Emergency workers rescued hundreds of trapped people Monday as water swallowed swaths of central England in the worst flooding to hit the country for 60 years. Officials said some rivers were still rising, with the western section of the rain-swollen River Thames on the verge of bursting its banks.
Climate change is a possible culprit, said Tim Evans, a scientist with the Chartered Institution of Water and Environment Management in London. He added that the situation matched predictions of how global warning would affect Britain. Britain
also had one of its hottest and driest summers on record last year.
“What we now think of as extreme events will occur more often than in the past, and the extremes will get more extreme,” Evans said.
But Britain’s Meteorological Office said the weather was consistent with conditions caused by the La Nina weather system, which is caused by cooling ocean waters and leads to extreme weather. scientists said there was no clear explanation for an unusually long spell of wet weather.
“The situation is looking critical at the moment. Unfortunately the misery is set to continue,” said Environment Agency spokesman Joe Giacomelli. Roads and parking lots were submerged, trains suspended, buses canceled. Hundreds of thousands of people were without electricity or drinking water, and farmers saw their summer crops destroyed.
Torrential rains have plagued Britain over the past month — nearly 5 inches fell in some areas on Friday alone — and more downpours were predicted this week.
“This emergency is far from over and further flooding is extremely likely,” Environment Secretary Hilary Benn told lawmakers in the House of Commons.
As of July 23, waters peaked on the swollen River Severn, which had flooded parts of the city of Gloucester and nearby areas of west-central England. “If it goes up another couple of inches, Gloucester is in trouble, but it seems to have peaked. ... We’re winning,” said Environment Agency spokesman Adrian Westwood.
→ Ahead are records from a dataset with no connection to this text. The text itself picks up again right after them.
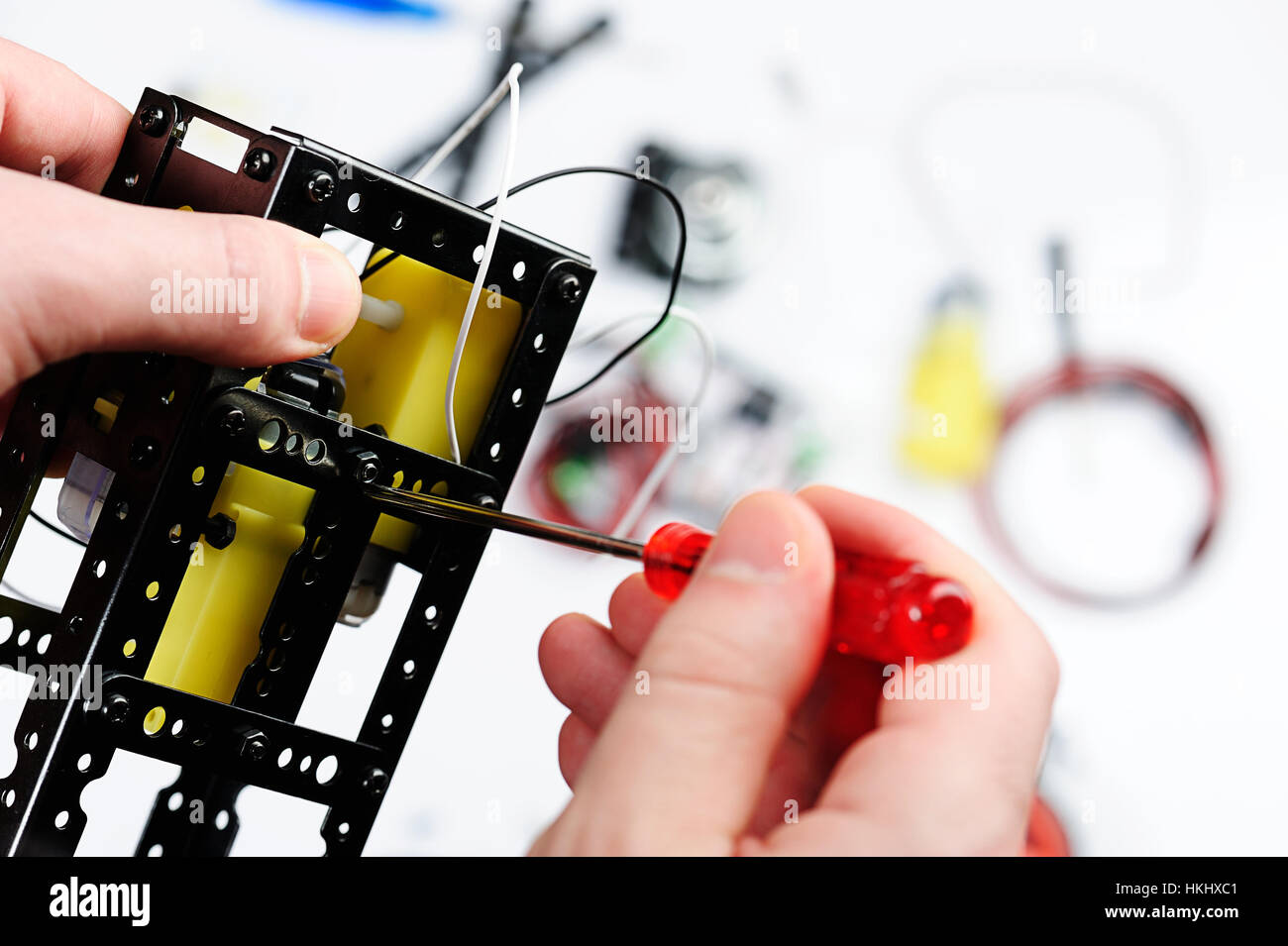 person assemble robot details close up Stock Photo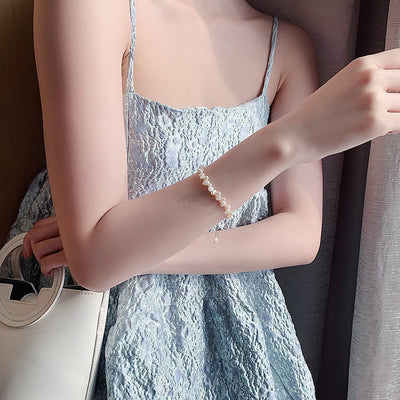 Elegant perlearmbånd fra Céline - tilføj luksus til din stil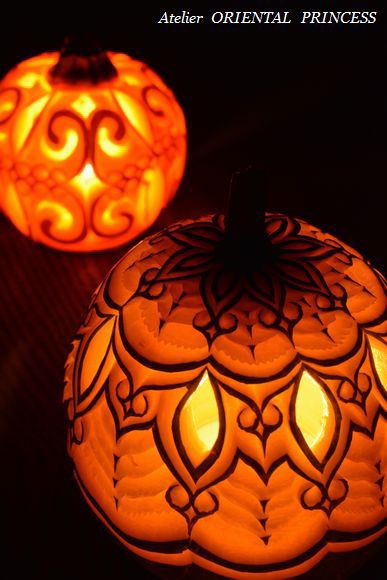 two carved pumpkins sitting on top of a table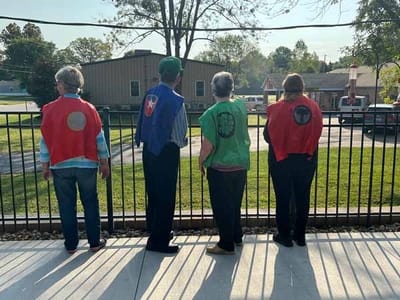 Residents dressed as superheroes enjoying the outdoors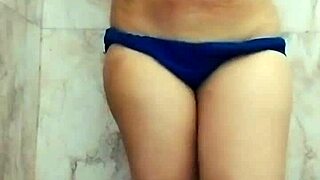 Store curing Asian fat chick with large tits masturbating in the shower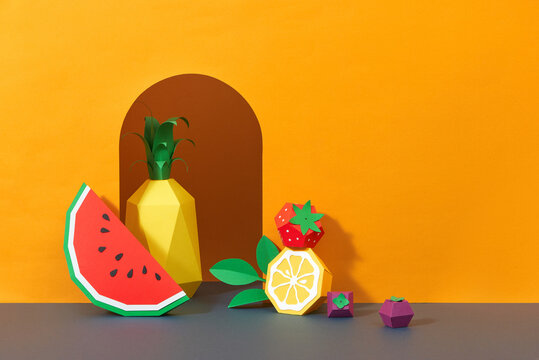 Fruit made of paper. Yellow background.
The last time Britain saw similar flooding was in 1947, according to the Environment Agency. No deaths or serious injuries have been reported in the current flooding.
London itself was not affected. The city is protected from flooding in the east by the Thames Barrier, the world’s largest moveable flood defense, which closes to seal off part of the upper Thames from the sea.
To the west, London is protected by several flood defense measures including the Jubilee River, a 7-mile-long diversion channel. The western section of the Thames that officials worried about lies 80 miles from the capital.
During a tour of the Gloucestershire region, Prime Minister Gordon Brown announced increased funding for flood and coastal defenses across the country. “It is pretty clear that some of the 19th-century structures and infrastructure and where they were sited is something we will have to review,” said Brown, who succeeded Tony Blair less than a month ago. Much of Britain’s infrastructure dates to Victorian times.